# Rowanburn Mines



## Floyd (May 13, 2009)

I recently found these mines near the village of Rowanburn.
I have heard conflicting reports of what used to be mined here Limestone, Salt and Coal.
I plan on going further into these mines once i get some better lighting gear.


----------



## sheep21 (May 13, 2009)

i would guess limestone personally.

Do let us know what you find when you go back!


----------



## crickleymal (May 13, 2009)

A quick Yahoo suggests that it's coal although it doesn't look especially coal mineish to me. If you do go down and it is a coal mine beware of bad air.
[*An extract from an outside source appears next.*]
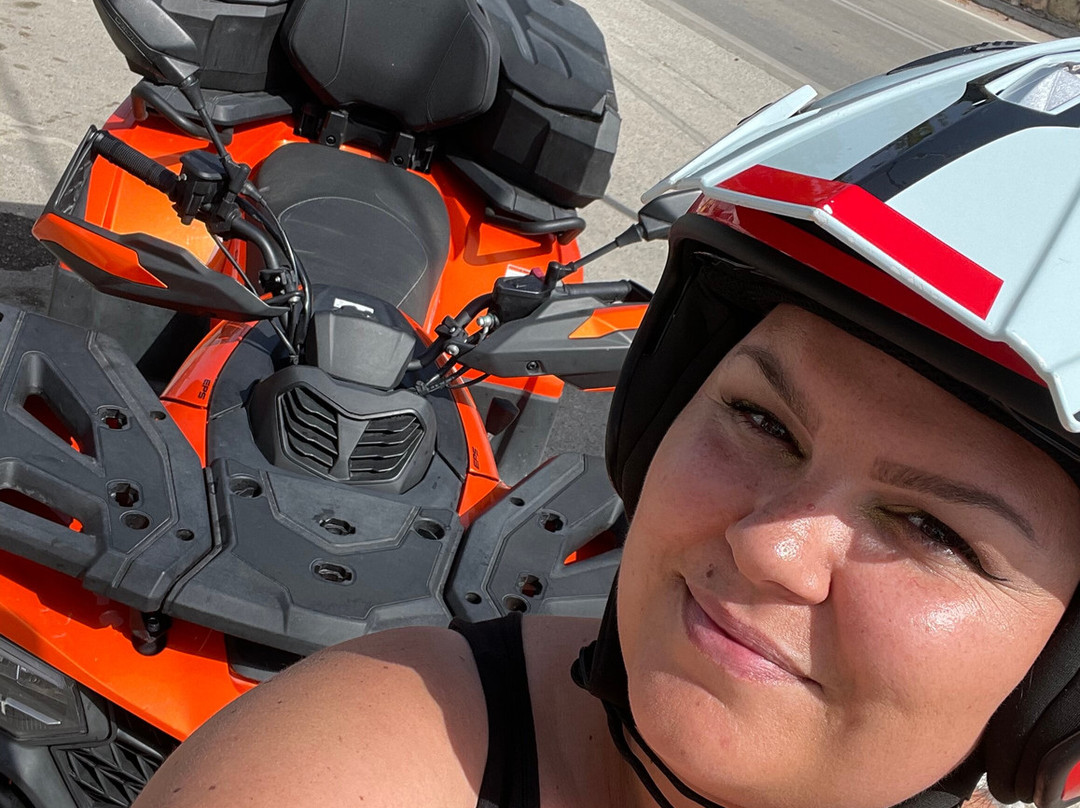 Alkis Motos-Lardos必去景点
It's been mentioned a few times on here.

But like sheep21 suggests it looks more limestone than coal.


----------



## sheep21 (May 13, 2009)

Looks like it suffers from periodic flooding by the amount of what appears to be silt in the tunnels...

be careful


----------



## BigLoada (May 13, 2009)

The construction is interesting Do you have grid ref for this maybe? If its Cumbria it could be Zinc,lead,Iron, Barytes, limestone as the guys have suggested etc. There was a lot of barytes mines over that way though it looks a bit old to be one of those.

Would be very interested to see more from here if you get further in 

Edit: sorry, I guess its Rowanburn in Dumfriesshire, not another place I was thinking of in Cumbria.


----------



## oldscrote (May 14, 2009)

Looks like limestone to me,the ceiling is interesting looks like a conglomerate of some sort.I doubt it floods as I can't see any tide marks on the walls.


----------



## Floyd (May 14, 2009)

It's actually closer to Harelaw than Rowanburn.
I googled Harelaw mine and came up with this

http://www.mine-explorer.co.uk/mines/Harelaw-hill-stone_1231/Harelaw-hill-stone.asp

Turns out it's Limestone so that means they is more mines in the area such as coal mines.


----------



## sheep21 (May 14, 2009)

oldscrote said:


> Looks like limestone to me,the ceiling is interesting looks like a conglomerate of some sort.I doubt it floods as I can't see any tide marks on the walls.



But what filled the tunnels with such a huuuuuuuuuuuge amount of dirt? Not saying they flood regularly but seems they have in the past? Meh, im not an expert


----------



## Sabtr (May 14, 2009)

Nice one. 

I'm really tempted to visit this one. BigLoada - fancy it??


----------



## BigLoada (May 14, 2009)

Sausage said:


> Nice one.
> 
> I'm really tempted to visit this one. BigLoada - fancy it??



You know I am always up for mines mate but it would be a really really early start for us!


----------